It’s been a few years since I have seen the designs and implementation abilities from Nasuni, and so I was looking forward to their presentation at Storage Field Day 16. They have historically positioned themselves as essentially a Big File Server, and essentially, they still are. Largely scalable, file-based services for the enterprise, with scalability based on namespace, but so very much more.
Imagine, a very easy to use, easy to manage, and highly secure, file server, with erasure encoding, and real-time replication to as many sites you may need, location awareness, and version control with locking. As I said this is a file-based system, supporting SMB protocol, but again, much more. While they don’t like to envision themselves as a gateway, there is certainly a gateway functionality. You’re writing to standard SMB protocol, so there’s an inherent ease, particularly to Windows, Active Directory users, but a native connection to object based benefits. Thus, when your users wish to access theirs, or others’ files in remote based locations, this is accomplished quite easily. All one must do is set up a Nasuni based peer (which can be physical or virtual) in whatever other datacenter, the big ones (AWS, for example, with GCP coming soon), where the number of devices can grow easily, by simply deploying another virtual device, rapidly, on an OVF type delivery method, wherever and whenever appropriate. Incidentally, one is able to deploy these virtual appliances essentially endlessly, as they’re no-charge implementations.

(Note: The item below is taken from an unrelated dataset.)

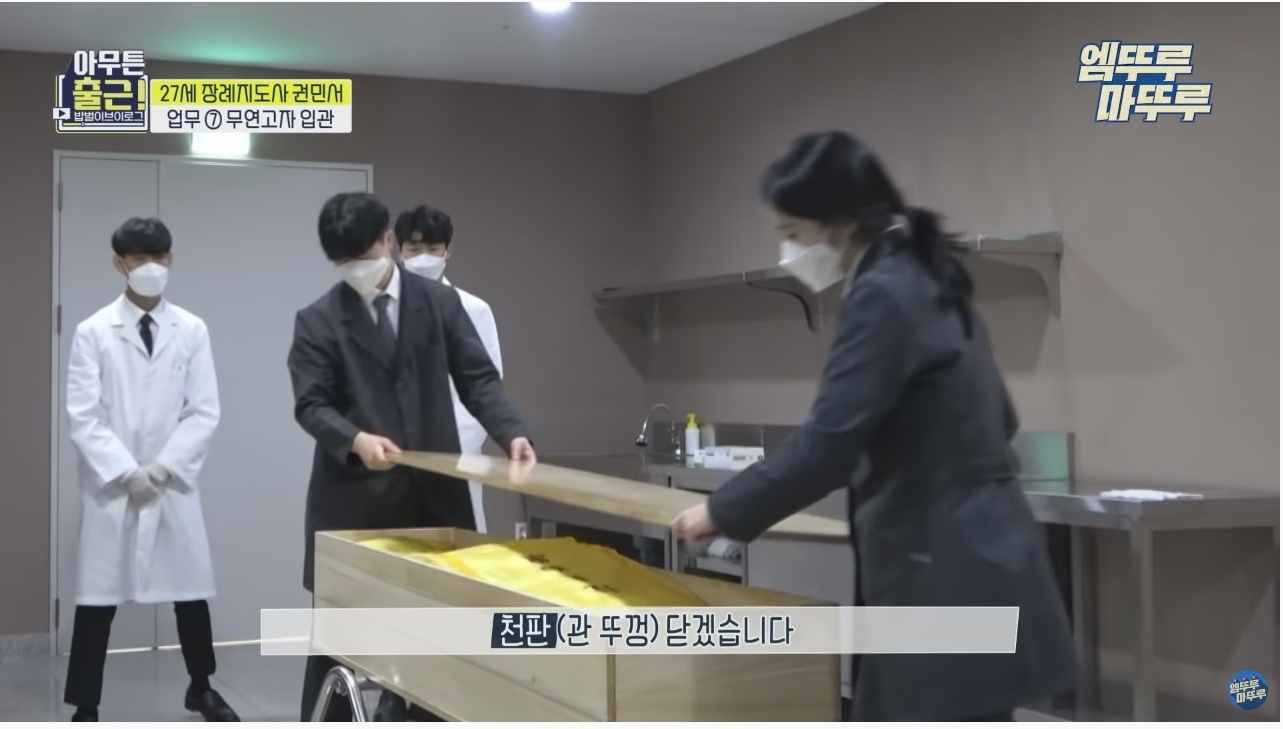 1a68bb93acd9d226a6a8aa0639dda1800e5ebf40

Nasuni uses a somewhat revolutionary “UNIfs” or Universal File System, which is a global one, offering infinite file, directory, and volume size, on this global file system. Works also, with a fully manageable Restful API, that can be scripted as well.

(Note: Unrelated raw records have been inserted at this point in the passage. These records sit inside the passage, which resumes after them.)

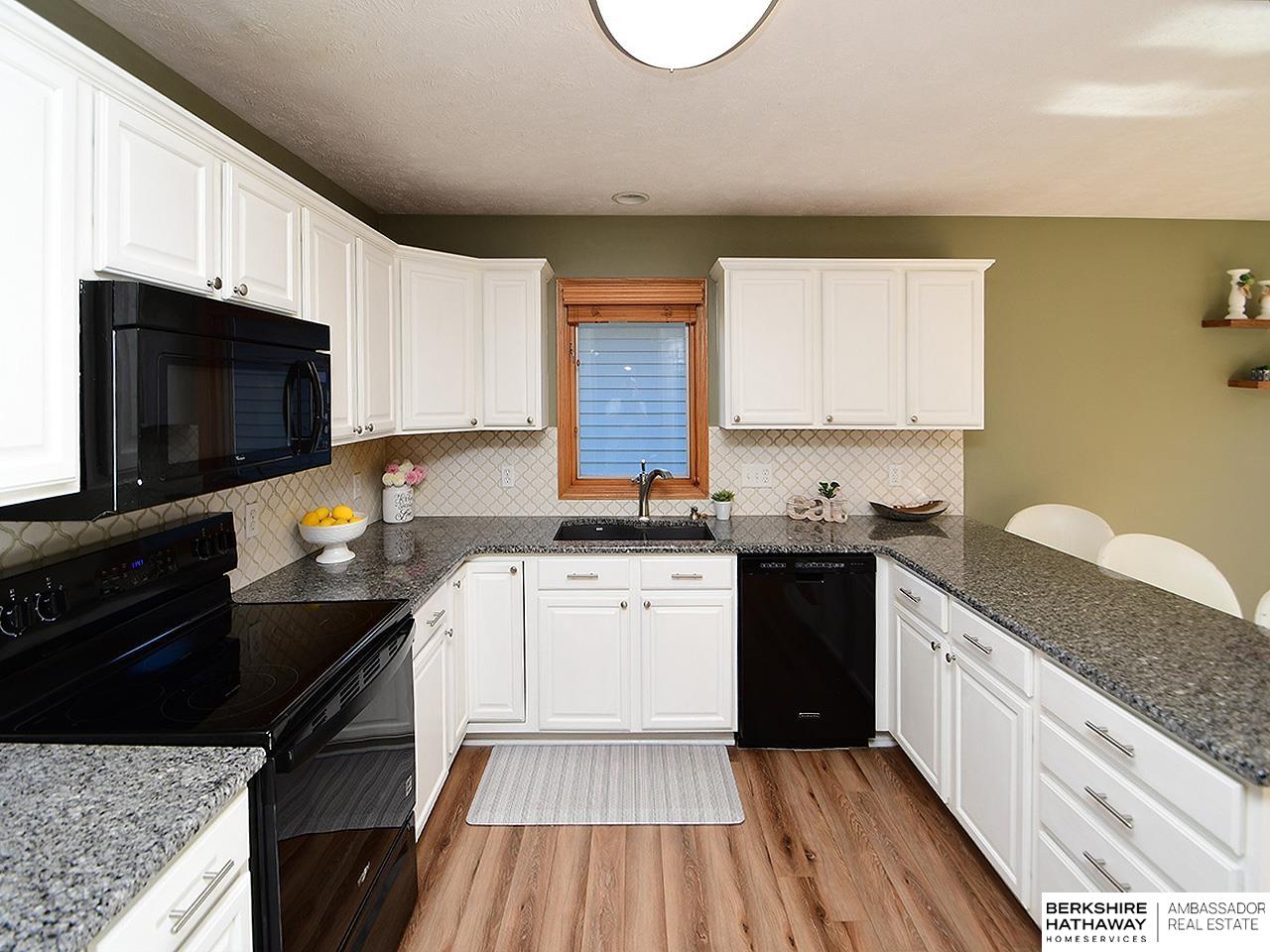 3711 San Mateo Lane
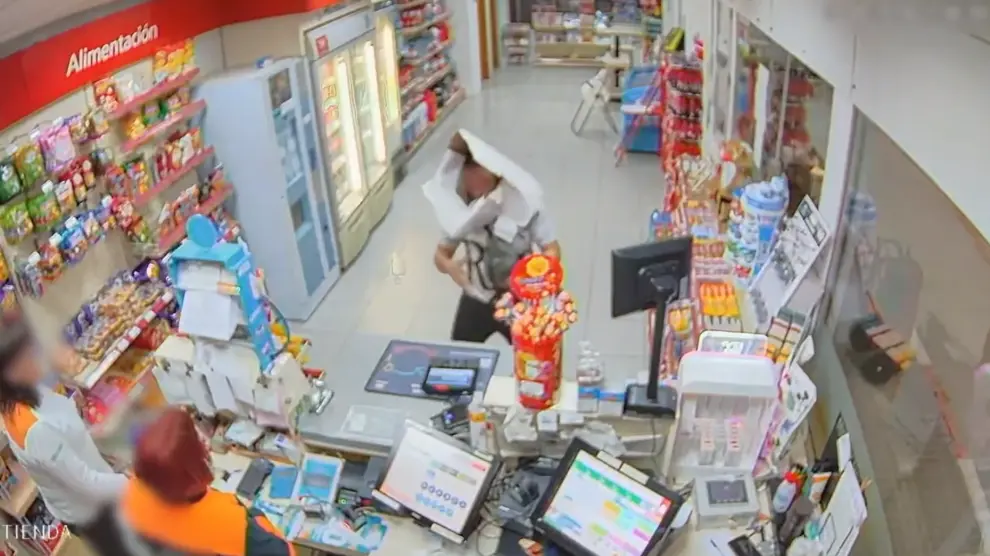 El 'ladrón de la caja' en una gasolinera en Burgos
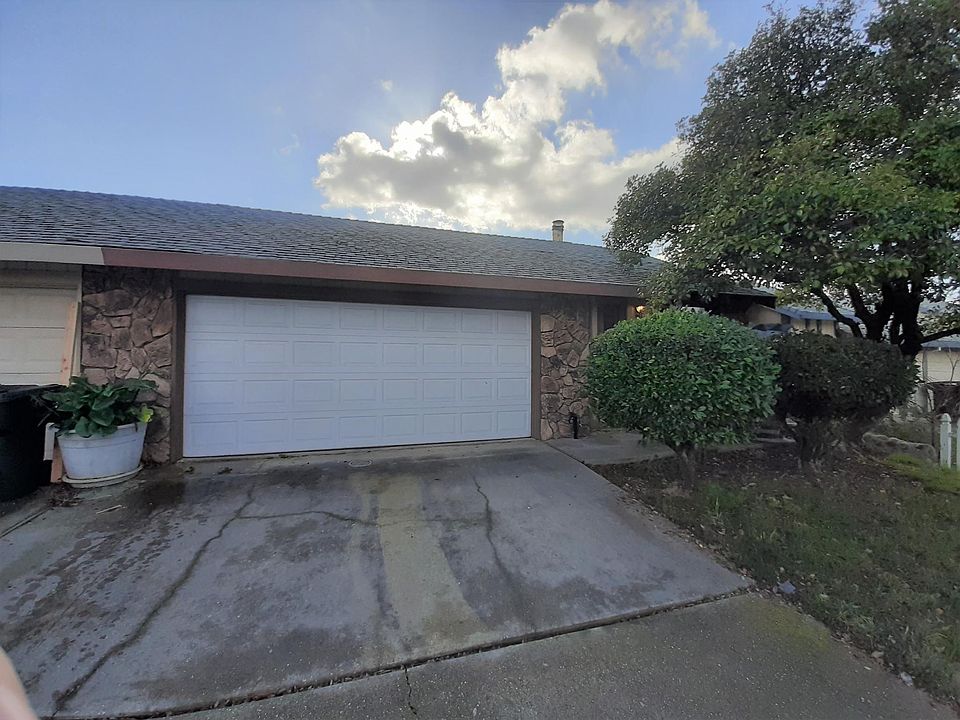 1st image of 422 Cameron Way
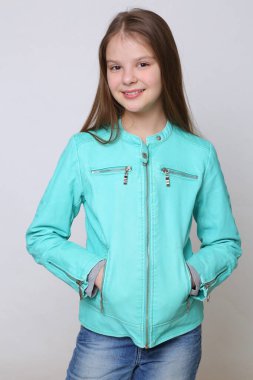 Kamerada manken gibi poz veren Avrupalı beyaz kız.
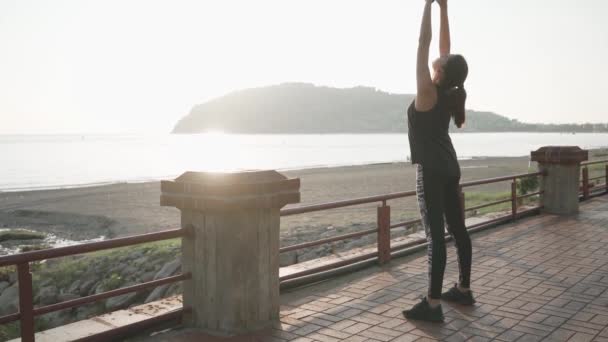 Je me réchauffe au coucher du soleil. Mouvement lent . — Video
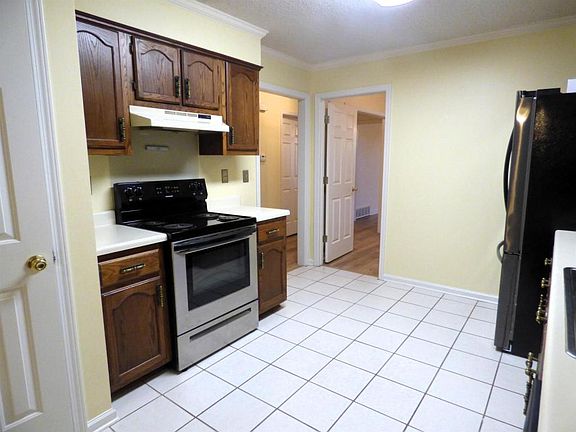 4th image of 2244 Lake Hill Ct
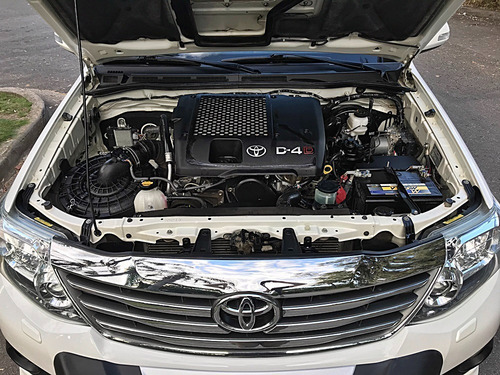Toyota Hilux Sw4 3.0 Tdi Srv 4wd At 7p 2015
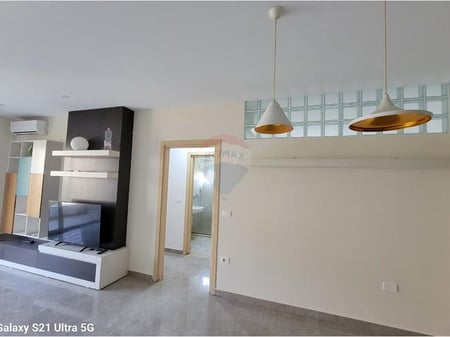 Apartament 2+1 ne shitje tek Ish Restorant Durresi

According to Tom Rose, the Chief Marketing Officer, for this really great solution, the idea is and has been from the start, a way in which to facility rapid growth, work from home initiatives, and the ever-present desire to “Drive to the Cloud” motivations that are the subject of many of the conversations in which I find myself involved in my day-to-day conversations with my customers. What was seen just a couple years ago as disruptive is now seen as simple mainstream initiatives.
In this world of storage, where the prevalence of file-based storage is growing at a rate of 10 times that of block based storage, and the drive to the cloud is prevalent, a simple, scalable, manageable, and well thought out licensing model, requiring growth without necessarily buying more disc onsite, and availability wherever and however desired, is a real solution, bringing the kind of functionality to these solutions, allowing they type of growth we see and desire for our organizations. I see this as particularly beneficial in my patch, where companies with minds toward acquisition, and global reach, even where compliance issues abound, as data sovereignty issues and regulations occur regularly can benefit. The way in which organizations can now migrate their storage into a global namespace, to me is a function, that also offers some compelling use-case.